About the only good thing about this is that the adjustments happened at different intervals depending on the ntpd poll rate, so it's not like hundreds of thousands of machines all crashed their workloads at the same time. One would pop off here, then one there, and so on... over the span of an hour or two... until it was all done.
Thus, some services didn't really go down, but they did have a bad time with a bunch of failed/dropped requests which were on the affected systems.
That one was dubbed the "Back to the Future" SEV. At least one team made a screenshot of some display showing the 17 second offset the banner of the group where they talked about production issues.
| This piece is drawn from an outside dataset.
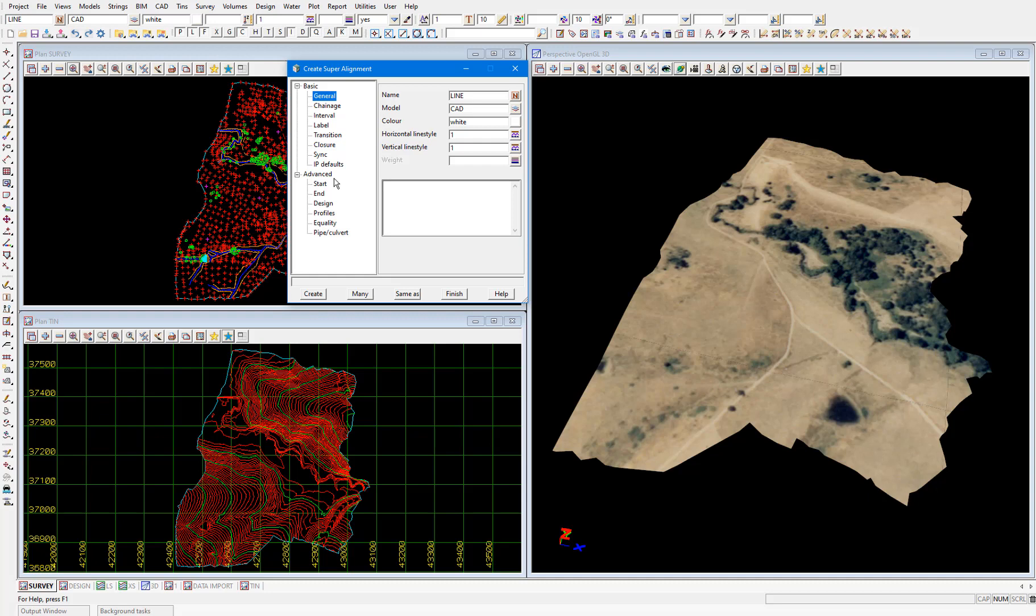Under the general node we'll select a name for our super alignment which is aligned with our naming convention. Within our naming convention reference strings start with rs so I'll name the super alignment rs1. Then press enter which will fill out the model, color, line style and weight which are set within the naming convention.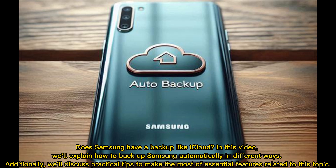Does Samsung have a backup like iCloud? In this video, we'll explain how to backup Samsung automatically in different ways. Additionally, we'll discuss practical tips to make the most of essential features related to this topic.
Stuff like that is why I smeared it out. When you can't be sure of the correctness of implementations, and there are good chances that attempts to fix them will be ignored, rebuffed, or actively attacked, you have to "treat the whole situation as damage" and route around it. You remove the discontinuity in wall time to save them from themselves.
...
A reader asked for my take about "AI" and LLMs and all of this.
In the vein of the "annoyances" post from earlier in the month, I'll start by saying that I don't push any of that on you here, either. All of this stuff is straight off my keyboard with a sprinkling of ispell applied after the fact. Even that's of limited utility since there are a bunch of technical terms and not-really-words that I use for various reasons.
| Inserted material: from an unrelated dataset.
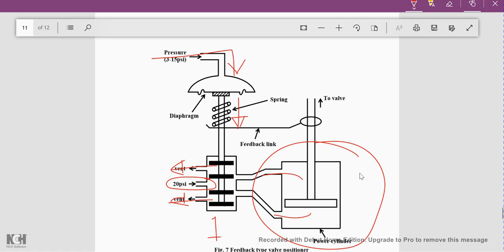When pressure increases, the spring expands and pushes the piston downward. The central chamber then opens to the 20 psi air pressure and the upper portion opens to the vent. When the central portion of the cylinder is open to 20 psi, that pressure enters the lower portion of the power cylinder and pushes the piston upward.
I think all of the hype and waste has generated an enormous mountain of useless nonsense that has attracted the absolute worst of the vampires and buzzards and bottom-feeders who are looking to exploit this stuff for their own benefit.
The LAST thing we needed was a better way to generate plausible-looking horse shit for random gullible people to consume unwittingly, but here we are, and it's only going to get worse.
I think a lot of this falls into "the Internet we deserve".
So no, I don't use anything of the sort, and I tell people not to quote any of that crap at me, or to send me screenshots of it pretending to be an answer to something, and that they need to find actual sources for their data. This has not made me the most popular person.
But hey, I've already said that I'm obviously out of touch with what most people are up to. My green-on-black terminal with nano in it that's writing up a bunch of plain text with a handful of triggers for callouts to other posts should be proof positive of that already. Hardly anyone else does things this way any more. That makes me the weirdo, not them. I know this. I'm okay with this.